American actress, host, and model

Bianca Allaine Kyne (born Bianca Allaine Evans), also known as Bianca Barnett, Bianca Abel, or Bianca Allaine, is an American actress, host, and model. In 2011, Allaine won the Golden Cobb Award for "Best Rising B Actress".

==Early life and career beginnings==
Allaine was born in Garland, Texas. At a young age Allaine discovered the book Scary Stories to Tell in the Dark, which began her "love for macabre." She was so frightened by the book that her mother tried to have it removed from the school library. Allaine started modeling and runway work for local agencies as well as hair and makeup shows in her hometown of Dallas, Texas; she then moved to Los Angeles, California at age eighteen to pursue acting, signing with Dragon Talent, who booked her background work in music videos. This led to further background work in student films, short films, television shows, and more music videos. Through her friend Lenora Claire, she was introduced to Ramzi Abed, who gave her parts in a few of his movies.

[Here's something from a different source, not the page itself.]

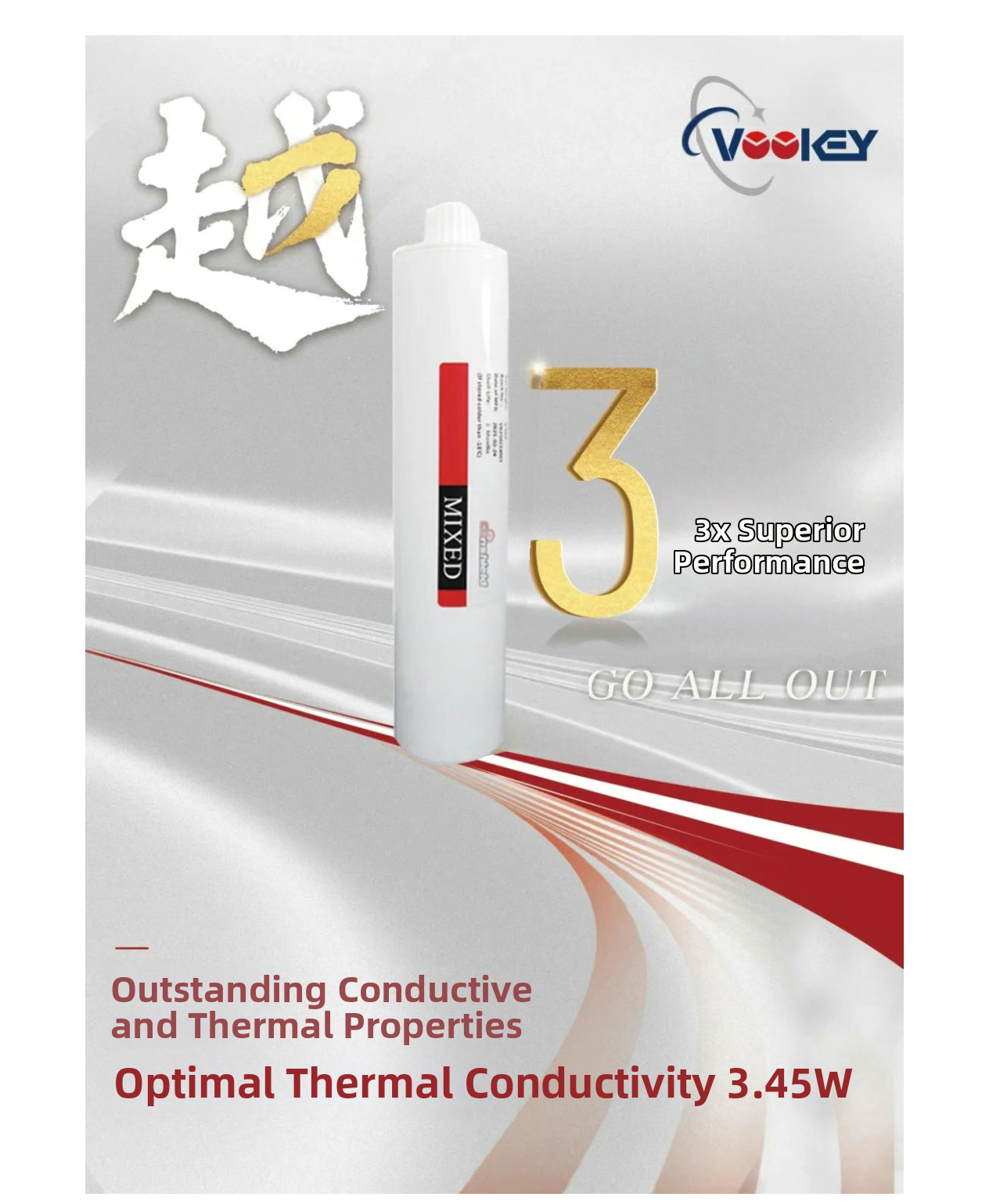 Explore the Woqi Conshield VK8181 conductive thermal adhesive and unlock the industry benchmark of dual effect excellence(图3)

She continued working on small projects, which included the film Canes. The project required her to wear prosthetic make-up, giving her the experience to take on the role of Pig Bitch in 2009's Albino Farm.

Allaine is set to appear in the upcoming film Cryptids.

==Personal life==
Allaine has been married to fellow filmmaker Michael Kyne since August 5, 2011. Their short film M Is for Marriage was released on Bloody Disgusting's Anthology World of Death Blu-ray. As of 2015, the couple was working on a 1980s-inspired horror-comedy entitled Zombinatrix.

Among her other projects is the series Watch These Films with Bianca Allaine, which combines highlights, clips, re-enactments, and droll observations of cult classic horror films.